Para los que no conozca la trama del «Retablo de las Maravillas» cervantino, tal vez sea necesario hacer un pequeño resumen:

Este entremés de Miguel de Cervantes encierra una visión crítica de la realidad de la época. Chirinos y Chanfalla, una pareja de pícaros, llegan a un pueblo con la intención de hacer una función con su retablo de las maravillas (una pequeña caja de títeres) y estafar a los espectadores. Hacen creer al gobernador y a las autoridades de la localidad que solo podrán ver las maravillas que suceden dentro del retablo aquellos vecinos que sean cristianos viejos —es decir, que no tengan sangre judía— y que no sean hijos bastardos.

Los vecinos que asisten a la función, y que sonl miembros de la clase alta del pueblo, se sienten presionados por la importancia de las apariencias y por el miedo a hacer el ridículo. En este punto es cuando se desencadena la desternillante trama de la obra. Aunque Chanfalla asegura que salen maravillas del retablo (Sansón, un toro, ratones, leones y hasta osos colmeneros), la realidad es que no está ocurriendo nada. Solo hay una caja de madera vacía, un público expectante y un narrador que pretende estafar a los asistentes con un espectáculo que no existe. Pero las autoridades, por miedo a ser tachadas de hijos ilegítimos o de judíos conversos, fingen y aseguran estar viendo las grandiosas maravillas que les son narradas. En este juego entre la ficción y la realidad, el espectador, consciente de que Chirinos y Chanfalla están timando a los asistentes, autoridades incluidas, se divierte tanto por la situación surrealista como por la crítica de costumbres que supone esta trama.
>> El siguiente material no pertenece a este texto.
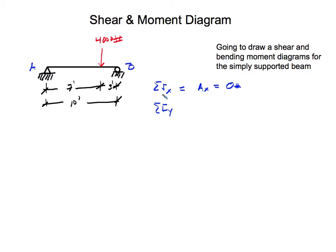In the y direction, we have our pin support Ay, plus the roller reaction By, minus 4,000 pounds. We want the summation of forces to equal zero, because we don't want this to move up and down, left or right, or rotate. Here we have one equation and two unknowns, so we need another equation to solve for at least one of the unknowns.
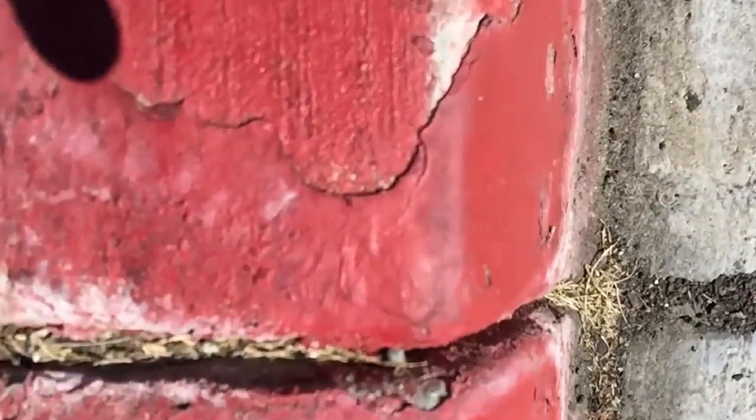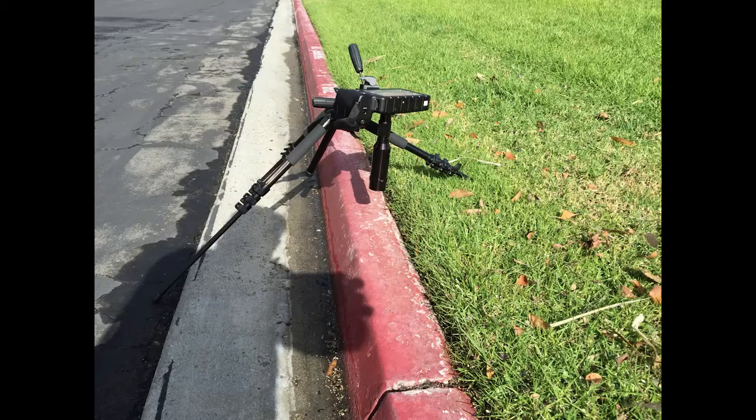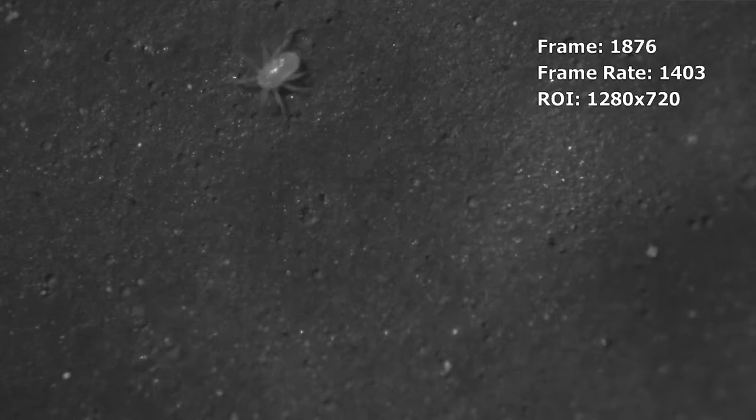I saw some tiny bugs on the curb the other day, so I took out my iPhone and tried to get a picture of them, but they were too fast and too small. So I pulled out the FasTech camera and put an infinity lens on it. This is what we did.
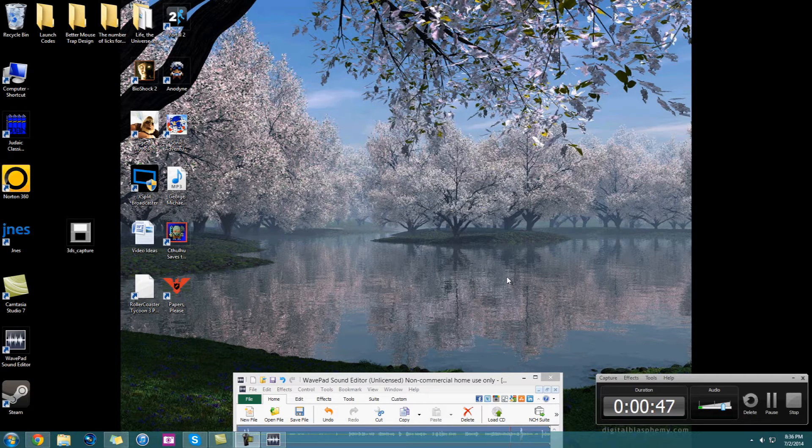I'm recording the screen with Camtasia but I don't really use Camtasia other than a few things. Wavepad is recording my voice, which I like to do separately because that's just fun.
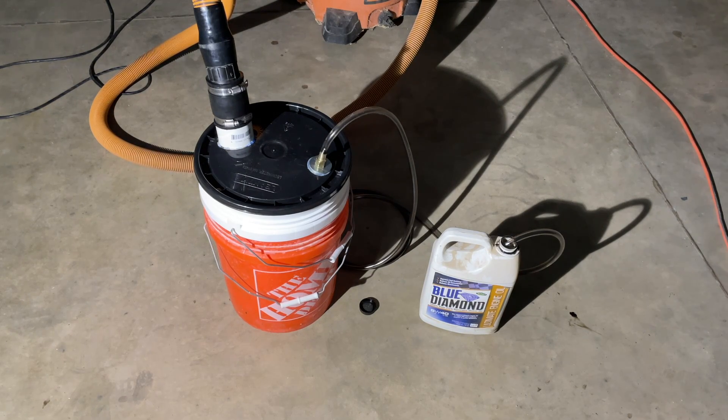Being on off days, I decided to try to make my own oil extractor because I've got a lot of small engines that need to be serviced. I need to pull out the old oil and add new, and they don't have the most accessible drain plugs. So I decided to try to build one.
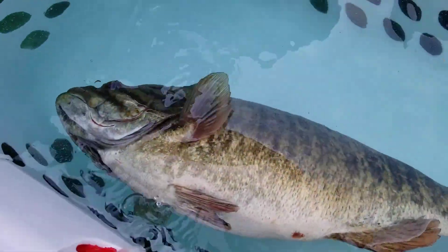This is one of the fish that have been brought in from the Elite Series. He obviously needs fizzing.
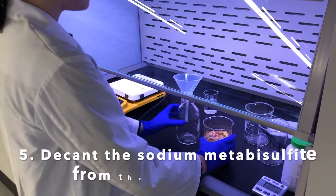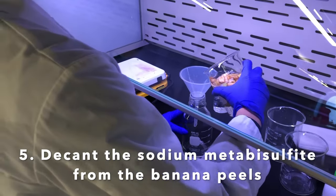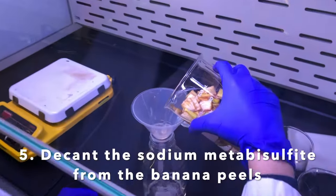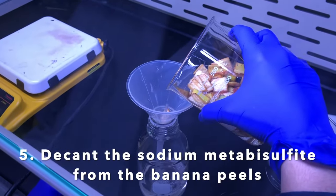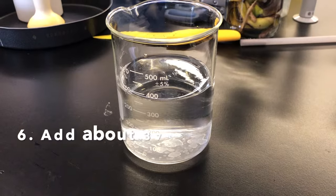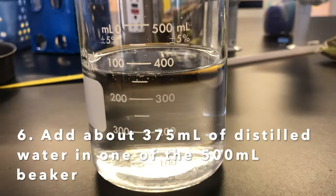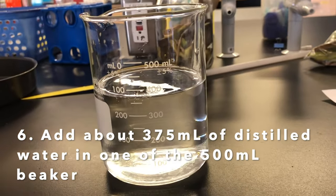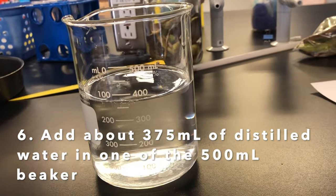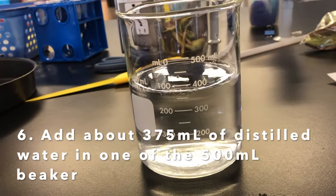For this step, Amagi is going to decant the banana peels from the Na2S2O5 with the funnel. Now we've added about 375 milliliters of distilled water, which is just enough to submerge your banana peels and let them boil with the water for 30 minutes.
El desenlace del entremés llega cuando la ficción se convierte en realidad y un militar entra en escena pidiendo alojamiento para sus 30 hombres de armas. Las autoridades, creyendo que se trata de una ilusión más del retablo, no toman en serio al oficial. Éste descubre el engaño y afirma no ver nada dentro del retablo, y acaba siendo tachado de judío converso. Y al sentirse insultado la emprende a espadazos con todos los asistentes.

Asi que, más vale dejarse ya de paripés, de imposturas, de guardar las apariencias y llamar a las cosas por su nombre en lugar de seguirle la corriente a los Chanfallas y Chirinos que nos estafan día tras día en el Retablo de las Maravillas en el que han convertido a España.
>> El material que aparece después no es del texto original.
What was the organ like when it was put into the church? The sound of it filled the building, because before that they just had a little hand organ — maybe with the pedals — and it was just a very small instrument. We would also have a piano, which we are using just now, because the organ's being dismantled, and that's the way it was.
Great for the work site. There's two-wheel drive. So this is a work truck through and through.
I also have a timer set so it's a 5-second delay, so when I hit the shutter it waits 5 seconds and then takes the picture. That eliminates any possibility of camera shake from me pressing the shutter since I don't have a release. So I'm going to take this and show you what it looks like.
¿Alguien se atreve a ponerle el cascabel al gato y a proponer que se reinstaure el «juicio de residencia», para perseguir y frenar la corrupción y disuadir y castigar a los corruptos?

El Juicio de Residencia era propio del derecho castellano, aunque, hay quien afirma que su origen estaba en el derecho romano tardío, fue introducido por Alfonso X el Sabio en las Partidas.

El Juicio de Residencia era un procedimiento para el control de los funcionarios de la Corona española, cuyo objetivo era revisar la conducta de los funcionarios públicos tanto de este lado del Atlántico como de las provincias de ultramar, verificar si las quejas en su contra eran ciertas, la honradez en el desempeño del cargo, y en caso de comprobarse tales faltas se les apartaba o se les imponían sanciones… Eran sometidos a él todos los que hubiesen desempeñado un oficio por delegación de los Monarcas.

Inicialmente se aplicaba sólo a los jueces, que deberían de permanecer en el lugar en el que habían ejercido su cargo durante cincuenta días, para responder a las reclamaciones que le plantearan los ciudadanos que se consideraban perjudicados por ellos.

A partir del año 1308, se someten a él todos los «oficiales» del rey. Se consolidó a partir de Las Cortes de Toledo de 1480, así como en la Pragmática posterior de 1500 . Tenían que someterse a él desde los Virreyes, Gobernadores y capitanes generales hasta corregidores, jueces (oidores y magistrados), alcaldes y otros. Se realizaban al finalizar el mandato para el cual habían sido nombrados, para evitar los abusos y desmanes de los gestores de la administración pública.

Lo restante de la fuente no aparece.